The majority of the time, people can’t just decide to quit–and be immediately successful. They need an abundance of help to change their environment, their behaviors and the way they think. Quitting cold turkey is admirable, but it has a very low success rate, less than 25% of the people that try and just stop, are back using opioids again within the year.
So that is where medication-assisted opiate withdrawal treatment options come into play. And more specifically, we’ll talk about suboxone. Suboxone can often reverse the damage from an overdose and can also help patients to stay sober, at the same time suboxone also is reducing the suboxone withdrawals side effects and curbing cravings, minimizing relapses.
Suboxone is a really two medications, one (buprenorphine) that is a partial opioid agonist, and the other (naloxone) which is an opioid blocker. It is used in conjunction with therapy and counseling to aid in addiction therapy.
Suboxone, or buprenorphine, is prescribed for patients with a narcotic addiction to help them get off of painkillers. A ‘partial opioid agonist’ such as buprenorphine is an opioid that gives you less of an effect than that which a full opioid does when it links to the opioid receptors in your brain. Oxycodone, morphine, methadone and all the other full opiates that you can become addicted to are full opioids and deliver all of the “pleasure” that is needed to fuel and addiction. Taking a partial opioid like Suboxone, you may get a very slight pleasurable sensation, or feel more energized. However there will not be a noticeable high, or feeling of euphoria. It basically tricks your brain into thinking that you have taken a full opioid and thus lessens or alleviates the withdrawal symptoms completely.

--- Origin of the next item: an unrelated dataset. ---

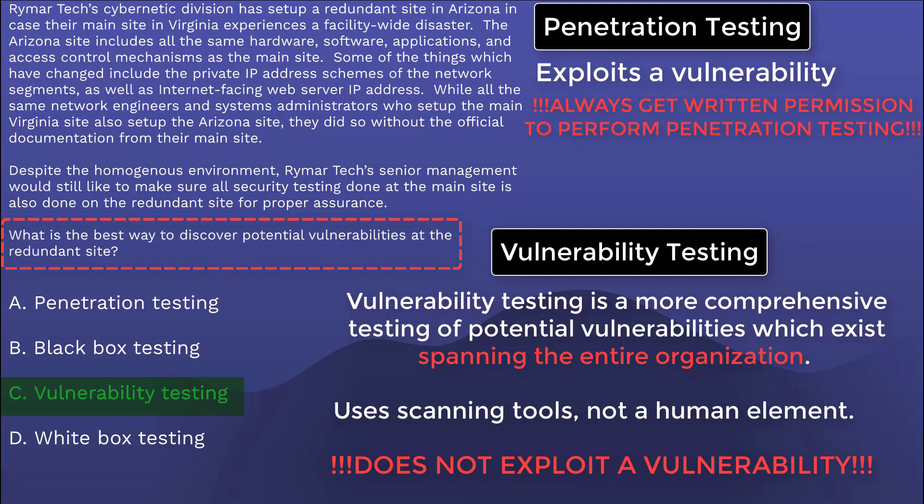Always — always — obtain a written document in which the organization has explicitly given you, an ethical hacker, permission to compromise their system within a given set of parameters. If you don't get this permission and you perform a penetration test, that's called hacking and you go to jail. The difference between hacking and ethical hacking is permission.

Suboxone does have a “ceiling effect” meaning that after a certain amount the effects level off. However, just because it can’t be injected, doesn’t mean it cannot be abused. It can be taken without a prescription, or a higher dose than is prescribed can be taken. It can be mixed with alcohol or benzodiazepines to get high. Signs of abuse can involve things such as random packages being delivered, late night visitors, a prescription disappearing too quickly, and unusual behavior. Most of the time, benzodiazepines are not to be prescribed with anything that has buprenorphine. By themselves, they have a high abuse potential, so adding them to Suboxone is unwise.

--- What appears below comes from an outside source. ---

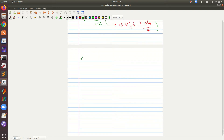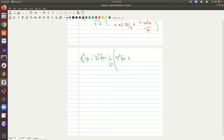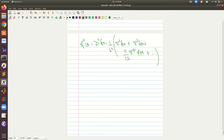For the second derivative, it is much the same. The formula is 1 over h squared times the second backward difference, plus the third backward difference, plus 11 over 12 times the fourth backward difference. Note that the difference between this and the forward differences formula is just the signs.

Of course you have the standard withdrawal symptoms, if you suddenly stop your prescription or are taking it illegally such as being unable to sleep and irritability. You also get flu like symptoms, shaking, hot and cold chills and nausea. If you taper all the way off the correct way, the symptoms are minimal. An abrupt change can be detrimental and painful.

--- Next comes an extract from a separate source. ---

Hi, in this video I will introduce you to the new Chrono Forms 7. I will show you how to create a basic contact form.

Simply put, recovering from any addiction is restoring the life you had before you became involved in the addiction. To do that you must clear your body from all of the drugs, and this can be painful. You will feel nauseous and shaky, your bones will ache. The good news is you can get through all of this, if you fail at first you can try again.
Knowing that everyone is different, can be a big help. Some people can quit with no help at all. Most of the time, if you are detoxing you will find you need a little help. Vitamins, nausea medications and over the counter pain medication can help to manage your symptoms. Counseling and physical therapy are good outlets to help you to deal with the emotional and physical problems that occur. Staying active can help to release all of that excess energy you may have, as well as helping to hasten the detox process. Make no mistake, it will take a while. Relearning how to live without drugs is a process, but it can be accomplished with time, patience and a lot of help and perhaps… suboxone withdrawal treatment could be right for you.